A little difficult to believe, maybe, but then it's also a trifle difficult to believe four long-haired pop musicians tripping down the haughty corridors of the Mandarin Hotel.
But there they were, almost larger than life, so I suppose it is possible to believe anything these days.
One of the most successful rock bands of the post-Beatle era, Led Zeppelin – Jimmy Page, John Paul Jones, John Bonham and Robert Plant – are precisely what one would expect a rock band to be – confident, brash and at times brutal.
Confident that its music is the best, brash in that it is the music and not the money that makes it all worthwhile, and brutal as in their uncalled for attack on entrepreneur Pato Leung.
It seems that Pato took the boys on the town Friday and forgot to fork out the cash. "He's our Yiddesher Mama. He had only 50 cents in his pocket," the four laughed. I'm glad that somebody found the remarks humorous.
Led Zeppelin might be the epitome of rock musicians but, said singer and chief spokesman Robert Plant, it is not the epitome of a rock band. "Rock is a thing of the past, that belongs to Chuck Berry. You can't categorize us. If you listen to our albums, you'll see the spectrum we cover in our music."
"It's a spectrum," continued Plant, "that embraces music around the world – street music," he called it, "music heard in places like Morocco and Japan.
"We can't put our finger on a particular piece," chipped in John Paul Jones, "and say this is from a certain part of the world. But the influence is there."
Throughout the press conference, a number of the group's fans listened on intently, hanging on every word uttered by these heroes of the modern world.
Alas, their main hero, super guitarist Jimmy Page too a back seat leaving most of the question answering to the capable vocal chords of Plant.

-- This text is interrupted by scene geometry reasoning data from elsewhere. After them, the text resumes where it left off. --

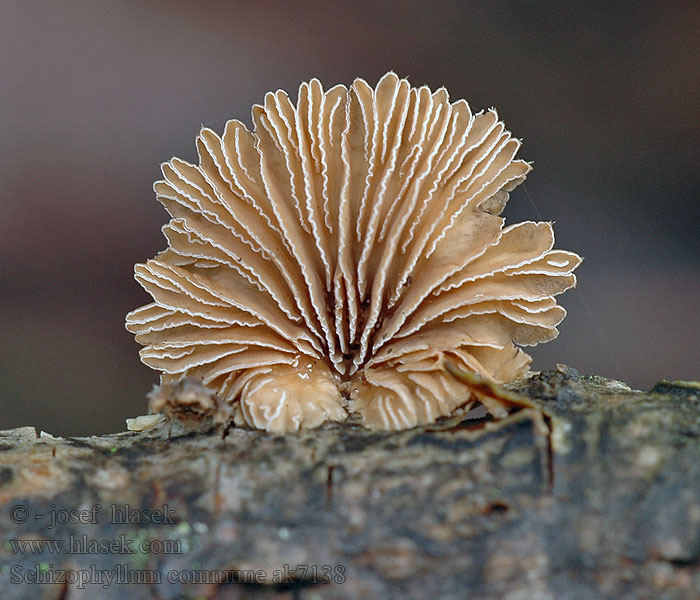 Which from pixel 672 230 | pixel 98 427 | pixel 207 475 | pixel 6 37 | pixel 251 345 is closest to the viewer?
pixel 207 475

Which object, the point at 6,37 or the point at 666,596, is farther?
the point at 6,37

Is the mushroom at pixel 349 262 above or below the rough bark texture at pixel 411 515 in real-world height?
above

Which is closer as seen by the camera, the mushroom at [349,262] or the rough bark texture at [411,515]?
the rough bark texture at [411,515]

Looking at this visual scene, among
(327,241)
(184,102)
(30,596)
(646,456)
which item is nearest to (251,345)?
(327,241)

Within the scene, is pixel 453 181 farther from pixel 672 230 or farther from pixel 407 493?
pixel 672 230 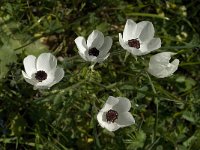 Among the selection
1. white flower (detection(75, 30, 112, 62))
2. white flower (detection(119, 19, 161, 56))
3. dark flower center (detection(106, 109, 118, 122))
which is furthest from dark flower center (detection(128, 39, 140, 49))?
dark flower center (detection(106, 109, 118, 122))

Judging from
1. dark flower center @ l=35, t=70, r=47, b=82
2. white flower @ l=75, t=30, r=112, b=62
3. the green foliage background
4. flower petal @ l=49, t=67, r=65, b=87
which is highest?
white flower @ l=75, t=30, r=112, b=62

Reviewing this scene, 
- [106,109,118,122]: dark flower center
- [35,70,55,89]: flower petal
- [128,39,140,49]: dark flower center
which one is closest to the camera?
[35,70,55,89]: flower petal

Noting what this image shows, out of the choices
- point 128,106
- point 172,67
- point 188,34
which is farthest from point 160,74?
point 188,34

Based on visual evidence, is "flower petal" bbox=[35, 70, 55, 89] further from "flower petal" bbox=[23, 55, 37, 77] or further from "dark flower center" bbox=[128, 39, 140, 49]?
"dark flower center" bbox=[128, 39, 140, 49]

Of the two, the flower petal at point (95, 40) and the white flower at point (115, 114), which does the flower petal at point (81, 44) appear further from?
the white flower at point (115, 114)

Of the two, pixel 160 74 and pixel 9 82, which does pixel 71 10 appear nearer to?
pixel 9 82

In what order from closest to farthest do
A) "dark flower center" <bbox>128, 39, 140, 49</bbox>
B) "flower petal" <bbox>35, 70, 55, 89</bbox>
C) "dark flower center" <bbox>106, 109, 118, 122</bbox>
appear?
"flower petal" <bbox>35, 70, 55, 89</bbox>, "dark flower center" <bbox>106, 109, 118, 122</bbox>, "dark flower center" <bbox>128, 39, 140, 49</bbox>

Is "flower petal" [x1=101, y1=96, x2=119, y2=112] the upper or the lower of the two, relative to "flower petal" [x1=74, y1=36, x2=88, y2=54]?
lower
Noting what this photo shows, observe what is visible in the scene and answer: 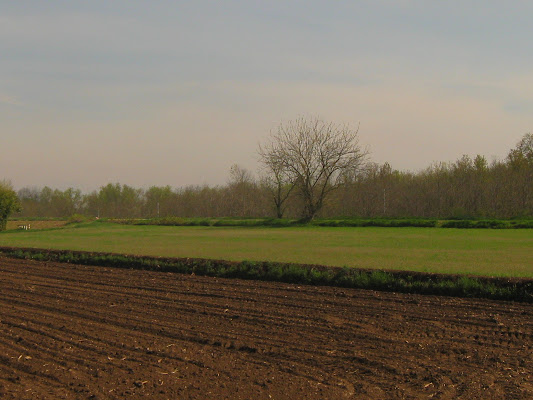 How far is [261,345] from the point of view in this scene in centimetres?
857

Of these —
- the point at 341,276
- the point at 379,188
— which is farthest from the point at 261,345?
the point at 379,188

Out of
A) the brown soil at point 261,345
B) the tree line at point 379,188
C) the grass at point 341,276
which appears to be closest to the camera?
the brown soil at point 261,345

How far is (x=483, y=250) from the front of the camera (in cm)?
2114

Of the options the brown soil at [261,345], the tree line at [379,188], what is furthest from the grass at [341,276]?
the tree line at [379,188]

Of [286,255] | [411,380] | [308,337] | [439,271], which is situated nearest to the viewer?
[411,380]

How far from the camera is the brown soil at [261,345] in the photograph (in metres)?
6.66

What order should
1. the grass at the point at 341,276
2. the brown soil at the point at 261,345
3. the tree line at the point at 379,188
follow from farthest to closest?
the tree line at the point at 379,188
the grass at the point at 341,276
the brown soil at the point at 261,345

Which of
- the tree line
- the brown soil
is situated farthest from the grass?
the tree line

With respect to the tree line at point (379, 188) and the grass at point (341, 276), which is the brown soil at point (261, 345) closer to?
the grass at point (341, 276)

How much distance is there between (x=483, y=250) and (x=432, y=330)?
13090 mm

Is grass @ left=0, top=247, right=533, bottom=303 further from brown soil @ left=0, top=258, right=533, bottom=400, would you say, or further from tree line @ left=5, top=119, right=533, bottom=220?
tree line @ left=5, top=119, right=533, bottom=220

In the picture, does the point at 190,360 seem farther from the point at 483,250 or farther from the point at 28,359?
the point at 483,250

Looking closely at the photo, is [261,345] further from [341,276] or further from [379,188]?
[379,188]

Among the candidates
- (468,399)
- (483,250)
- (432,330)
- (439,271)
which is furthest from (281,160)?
(468,399) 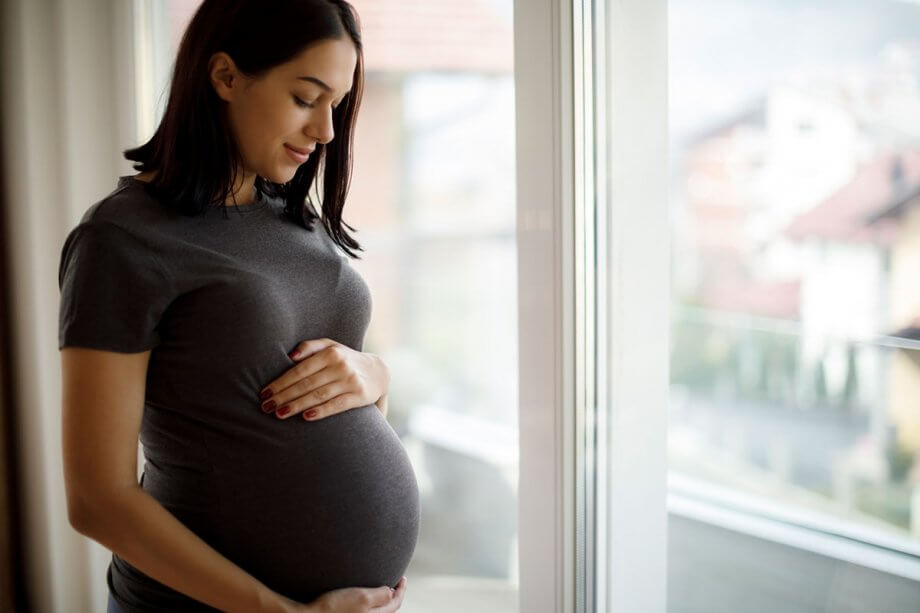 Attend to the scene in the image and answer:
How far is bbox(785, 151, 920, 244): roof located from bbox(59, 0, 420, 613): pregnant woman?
0.59 metres

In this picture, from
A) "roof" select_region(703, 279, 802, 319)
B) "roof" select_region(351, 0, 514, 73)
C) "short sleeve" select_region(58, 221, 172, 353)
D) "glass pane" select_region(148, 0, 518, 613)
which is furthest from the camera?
"glass pane" select_region(148, 0, 518, 613)

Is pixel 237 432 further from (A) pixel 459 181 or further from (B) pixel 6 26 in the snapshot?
(B) pixel 6 26

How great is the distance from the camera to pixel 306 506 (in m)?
0.98

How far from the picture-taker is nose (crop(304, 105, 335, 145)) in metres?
0.99

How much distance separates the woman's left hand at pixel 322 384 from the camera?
96cm

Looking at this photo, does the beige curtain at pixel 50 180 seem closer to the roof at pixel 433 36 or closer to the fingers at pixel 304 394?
the roof at pixel 433 36

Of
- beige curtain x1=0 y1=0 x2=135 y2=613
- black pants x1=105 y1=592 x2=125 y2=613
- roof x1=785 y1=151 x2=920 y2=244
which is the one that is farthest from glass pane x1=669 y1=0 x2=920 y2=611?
beige curtain x1=0 y1=0 x2=135 y2=613

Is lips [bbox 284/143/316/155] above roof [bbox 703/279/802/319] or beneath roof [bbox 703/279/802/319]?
above

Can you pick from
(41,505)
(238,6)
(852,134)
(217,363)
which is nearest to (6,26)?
(41,505)

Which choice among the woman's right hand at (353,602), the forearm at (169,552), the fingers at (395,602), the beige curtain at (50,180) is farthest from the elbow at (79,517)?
the beige curtain at (50,180)

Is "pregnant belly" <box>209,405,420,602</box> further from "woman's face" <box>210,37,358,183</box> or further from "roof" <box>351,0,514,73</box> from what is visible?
"roof" <box>351,0,514,73</box>

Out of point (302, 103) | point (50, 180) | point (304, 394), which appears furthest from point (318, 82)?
point (50, 180)

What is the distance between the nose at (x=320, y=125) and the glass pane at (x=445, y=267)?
625 millimetres

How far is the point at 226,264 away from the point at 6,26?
1622 mm
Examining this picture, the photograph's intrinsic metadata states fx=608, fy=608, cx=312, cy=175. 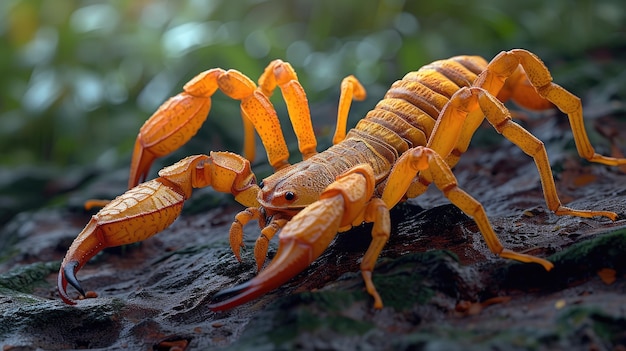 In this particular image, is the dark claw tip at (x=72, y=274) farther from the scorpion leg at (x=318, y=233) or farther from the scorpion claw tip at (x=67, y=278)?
the scorpion leg at (x=318, y=233)

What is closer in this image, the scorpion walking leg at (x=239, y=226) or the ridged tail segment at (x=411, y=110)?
the scorpion walking leg at (x=239, y=226)

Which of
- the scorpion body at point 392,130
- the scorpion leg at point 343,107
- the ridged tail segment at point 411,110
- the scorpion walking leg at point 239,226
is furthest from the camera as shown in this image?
the scorpion leg at point 343,107

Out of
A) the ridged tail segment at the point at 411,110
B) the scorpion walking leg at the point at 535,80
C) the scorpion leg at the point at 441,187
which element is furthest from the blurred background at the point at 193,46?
the scorpion leg at the point at 441,187

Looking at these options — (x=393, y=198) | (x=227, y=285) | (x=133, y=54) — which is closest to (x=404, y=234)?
(x=393, y=198)

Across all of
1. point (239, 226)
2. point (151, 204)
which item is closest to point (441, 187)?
point (239, 226)

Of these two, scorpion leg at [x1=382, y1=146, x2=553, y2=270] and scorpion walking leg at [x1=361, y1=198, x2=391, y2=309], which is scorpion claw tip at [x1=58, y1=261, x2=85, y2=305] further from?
scorpion leg at [x1=382, y1=146, x2=553, y2=270]

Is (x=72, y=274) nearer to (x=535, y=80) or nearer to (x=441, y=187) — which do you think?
(x=441, y=187) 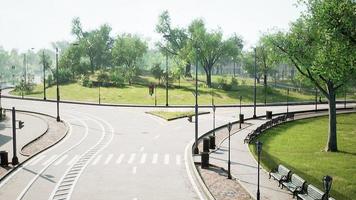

The softly-spoken Page would only interject to clarify a point or to hit back at a reporter who seemed to cast doubts on the group's sincerity.
The group said it was anxious to perform in Hong Kong and talks between its manager and two local entrepreneurs – Capital Artists and Just Good Productions – are now in progress.
John Paul Jones denied that the group's music would be too loud for Hong Kong. "When you play to 20,000 people (as Zeppelin did in Japan), you've got to be loud to be heard by those at the back. There's good loud and there's horrible loud. It's all a matter of dynamics. We are loud one minute and soft the next. One moment Jimmy will be doing something on guitar and you can hear a pin drop. It's really great when there are 20,000 people and you can hear a pin drop," said Jones.
The conference, at times rather heated, was over. Plant was off to find a wig; Jones some Chinese musical instruments; Page to unknown pastures and as for John Bonham, he had disappeared long before the conference reached its conclusion.
Led Zeppelin leave Hong Kong today (Oct. 8) for Japan to continue their cherry blossom tour before returning to England later in the month.
They will no doubt leave Hong Kong with mixed feelings, feelings that will obviously be shared by those who came into contact with the group during their brief stay. (Oct. 8, 1972 – Hong Kong Standard | Special thanks to LZ.com forum member "PlanetPage".)